The Fluent python library

Fluent helps you write more object-oriented and concise python code.

It is inspired by jQuery and underscore / lodash from the JavaScript world. It also takes some inspiration from Ruby / SmallTalk -- in particular, collections and how to work with them.

Please Note: This library is an experiment. It is based on a wrapper that aggressively wraps anything it comes in contact with and tries to stay invisible. We'll address this in section Caveats below.

Documentation Status

Introduction: Why use fluentpy?

The Python standard library includes many useful, time-saving convenience methods such as map, zip, filter and join. The problem that motivated me to write fluentpy is that these convenience methods are often available as free functions or on (arguably) the wrong object.

For example, map, zip, and filter all operate on iterable objects but they are implemented as free functions. This not only goes against my sense of how object oriented code should behave, but more importantly, writing python code using these free functions requires that the reader must often mentally skip back and forth in a line of code to understand what it does, making the code more difficult to understand.

Let's use the following simple example to analyze this problem:

>>> map(print, map(str.upper, sys.stdin.read().split('\n')))

How many backtrackings did you have to do? I read this code as follows:

I start in the middle at sys.stdin.read().split('\n'), then I backtrack to map(str.upper, …), then to map(print, …). I also have to make sure that the parentheses all match up.

I find code like this hard to write and hard to understand, as it doesn't follow the way I think about this statement. I don't like to have to write or read statements from the inside out and wrap them using my editor as I write them. As demonstrated above, it's also hard to read - requiring quite a bit of backtracking.

One alternative to the above approach is to use list comprehension / generator statements like this:

>>> [print(line.upper()) for line in sys.stdin.read().split('\n')]

This is clearly better: I only have to skip back and forth once instead of twice.

This approach still leaves room for improvement though because I have to find where the statement starts and to then backtrack to the beginning to see what is happening. Adding filtering to list comprehensions doesn't help:

>>> [print(line.upper()) for line in sys.stdin.read().split('\n') if line.upper().startswith('FNORD')]

The backtracking problem persists.

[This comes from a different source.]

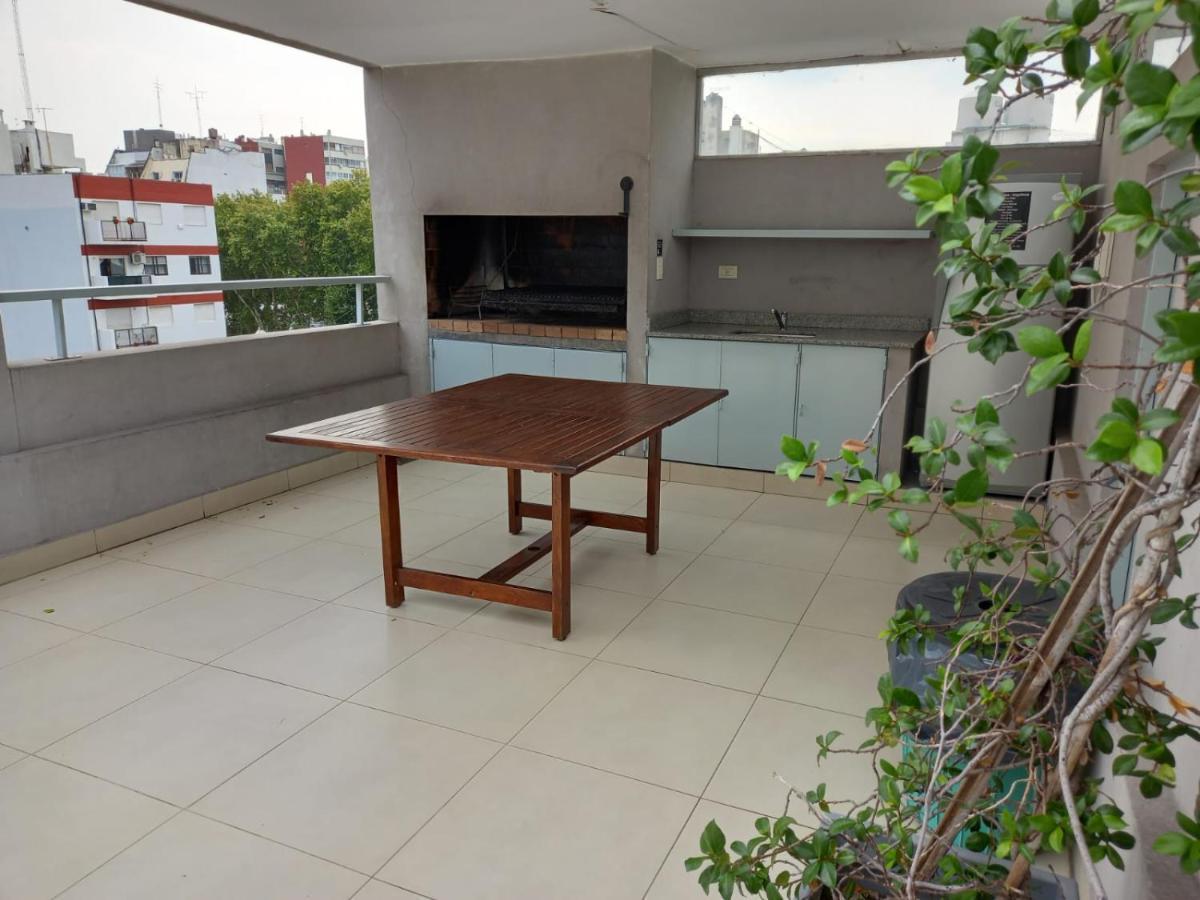 Palermo House Apartment Buenos Aires Exterior photo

Additionally, if the filtering has to be done on the processed version (here artificially on line.upper().startswith()) then the operation has to be applied twice - which sucks because you have to write it twice, but also because it is computed twice.

The solution? Nest them!

>>> [print(line) for line in \
>>>     (line.upper() for line in sys.stdin.read().split('\n')) \
>>>          if line.startswith('FNORD')]

Which gets us back to all the initial problems with nested statements and manually having to check for the right amount of closing parens.

Compare it to this:

>>> for line in sys.stdin.read().split('\n'):
>>>     uppercased = line.upper()
>>>     if uppercased.startswith('FNORD'):
>>>         print(uppercased)

Almost all my complaints are gone. It reads and writes almost completely in order it is computed.

Easy to read, easy to write. So that is usually what I end up doing.

But it has a huge drawback: It's not an expression - it's a bunch of statements.

Why is that bad? Because it means, that it's not easily combinable and abstract-able with higher order methods or generators. Because I have to invent variable names for things that are completely clear from context and that just serve as grease to express the flow of data through the program.

Don't get me wrong, this is the most important function of variables in programs. But in this case, it just makes the code longer and makes it harder to see how data flows through the expressions.

Plus (drumroll): parsing this still requires some backtracking and buildup of mental state to read.

Oh well.

Lets see this in action:

>>> cross_product_of_dependency_labels = \
>>>     set(map(frozenset, itertools.product(*map(attrgetter('_labels'), dependencies))))

That certainly is hard to read (and write). Pulling out explaining variables, makes it better. Like so:

>>> labels = map(attrgetter('_labels'), dependencies)
>>> cross_product_of_dependency_labels = set(map(frozenset, itertools.product(*labels)))

Better, but still hard to read. Sure, those explaining variables are nice and sometimes essential to understand the code. - but it does take up space in lines, and space in my head while parsing this code. The question would be - is this really easier to read than something like this?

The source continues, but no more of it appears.